WHAT THE TASK REQUIRES >>
All entries are to be printed again exactly, with their images omitted.

◆ ◆ ◆ ◆ ◆

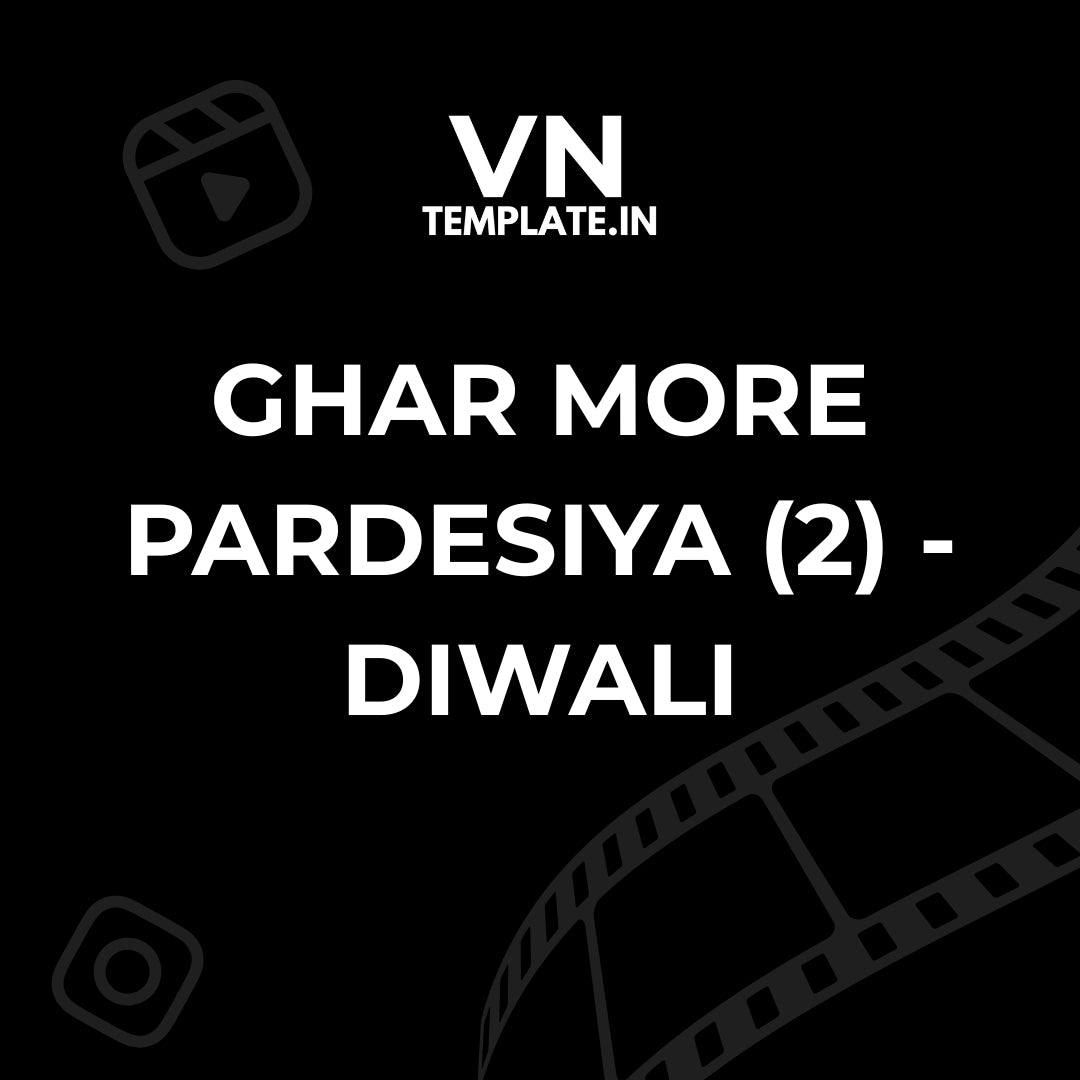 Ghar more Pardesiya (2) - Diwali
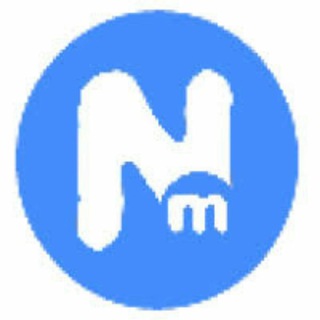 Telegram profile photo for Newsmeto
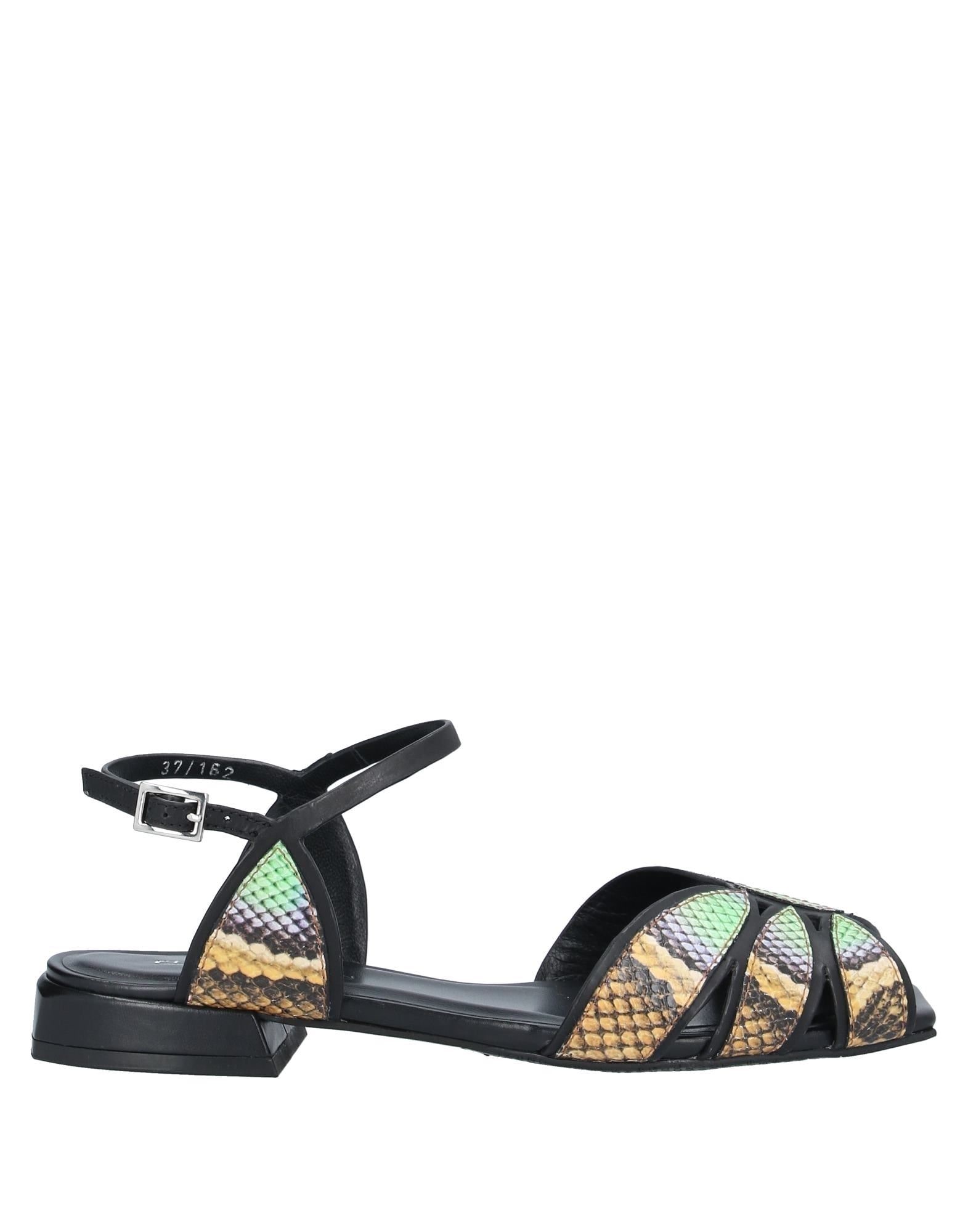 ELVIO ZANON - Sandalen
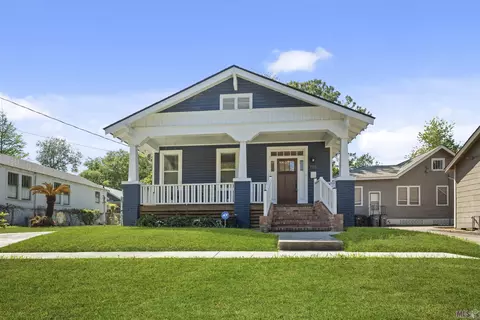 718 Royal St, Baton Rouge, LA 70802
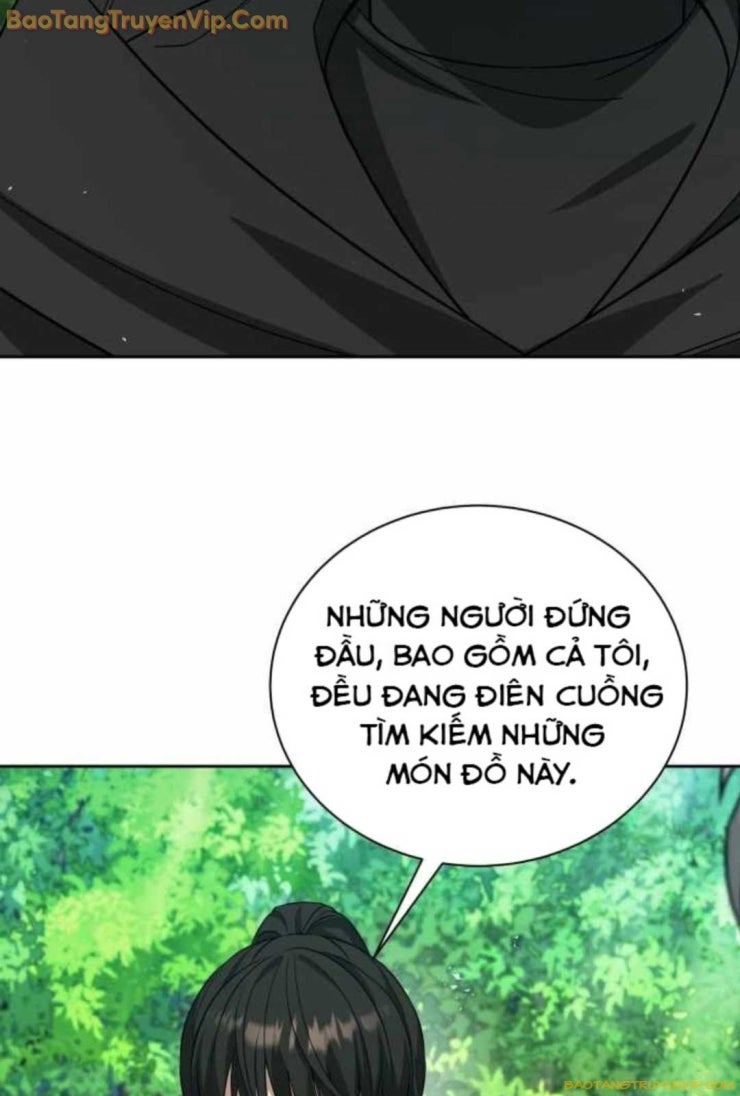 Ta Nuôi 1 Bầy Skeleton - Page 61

◆ ◆ ◆ ◆ ◆

ANSWER SPACE >>
 Ghar more Pardesiya (2) - Diwali
 Telegram profile photo for Newsmeto
 ELVIO ZANON - Sandalen
 718 Royal St, Baton Rouge, LA 70802
 Ta Nuôi 1 Bầy Skeleton - Page 61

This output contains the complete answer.